Ahora todo está perdido. Vos sin GPS, por ejemplo. Pasaste de no poner tus datos en Internet por ningún motivo a apretar que “sí a todo”. Antes tenías miedo de que te clonaran la tarjeta de crédito y ahora en el apuro permitís que una app sepa en tiempo real dónde estás. No te importa nada, por más que sea la app del Cartel de Sinaloa, vos apretás que sí, permitir, continuar, lo que haga falta… todo con tal de que te digan dónde estás.
No solo no conocés ninguna calle, sino que hasta perdiste el sentido de orientación básico. Ya no alcanza con un mapa en tiempo real con una flecha que se desliza en simultáneo con cada paso que das. No.
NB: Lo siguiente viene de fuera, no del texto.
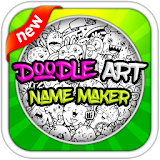 Doodle Art Name Maker 2018 icon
La interpretación cayó a cero: ¿cuántas veces caminaste para el lado contrario incluso viendo la flecha? Menos mal que Colón se ubicaba porque si no estaríamos todos apretados en Europa.
Sin embargo, no hay que confiarse. El GPS es, en el fondo, un traidor. Es un amigo que te llama en el verano porque sabe que tenés pileta. Te orienta, claro, pero cuando le conviene. Si todos supieran las calles, nadie necesitaría ayuda en su propia ciudad y el problema solo se presentaría cuando uno va a un lugar que jamás visitó. Y es ahí donde el GPS sería útil pero es, justamente, donde falla. Es que el GPS la tiene fácil porque avisa: “A cien metros, Avenida 9 de Julio”. Y pensás: “Sí, genio, ya la vi, la ve cualquiera”.
El tema es cuando un sábado a las dos de la mañana volvés del cumpleaños que organizó tu primo en un karaoke en Virrey del Pino. Al principio el GPS da una, dos y hasta tres indicaciones básicas hasta que doblás mal. Silencio. No sabés si el GPS se quedó afónico, sin pilas o no arregló paritarias y está de paro. Lo reiniciás, ponés y sacás el 3G y le hacés la danza del tránsito pero no dice nada. No tiene ni idea de dónde está. Entonces uno empieza a apostar por un camino propio a través de calles ajenas y oscuras. Un sinsentido de ir y venir hasta que esa aplicación corrupta se despierta de la siesta pero con un ataque de locura y empieza: “Gire a la derecha y gire a la derecha y gire a la derecha”. Y en la desesperación le hacés caso y te das cuenta de que estás dando la vuelta a la manzana. Ahí se activa ese instinto primitivo de ubicación y decís: “Yo ya pasé por ese puesto de flores extrañamente abierto a las tres de la mañana”. Entonces recordás que tu primo te dijo que tenías que agarrar derecho por la avenida, por lo que confiás ciegamente por veinte cuadras.
Así, de pronto, adelante, notás cómo se erige un camino que te despierta una sonrisa. Y ahí aparece el muerto vivo del GPS, que se le ocurrió trabajar y te dice lo obvio: “A cien metros, tome la rampa de la Avenida General Paz”. Y tenés ganas de decirle: “Gracias papito, menos mal que te conecté, no estoy hace veinte minutos transpirando para ubicarme. Dejá, no hagas nada”.
Y bajás la ventanilla y una suave brisa te transporta a tu niñez, cuando tu papá manejaba por todos lados sin ninguna voz robótica que le dijera por dónde ir. Preguntar era una vergüenza y la única ayuda era la Guía Filcar, ese libro de mapas de calles que el más despistado llevaba en la guantera del auto, que en general se dejaba en la casa y que tuvo un hijo popular en la juventud del 2000 llamado Guía-T. Ese compilado de planos se hojeaba antes de salir y solo para refrescar el recuerdo de la ubicación: “Ah, sí, ya sé dónde es. Al 700″. Listo, con eso alcanzaba.
Y subís la ventanilla de nuevo y de reojo ves que el GPS no te dijo que tenías que tomar la salida, que vas a tener que retomar por debajo del puente y solo podés pensar: “Dios, ¿dónde estoy?”.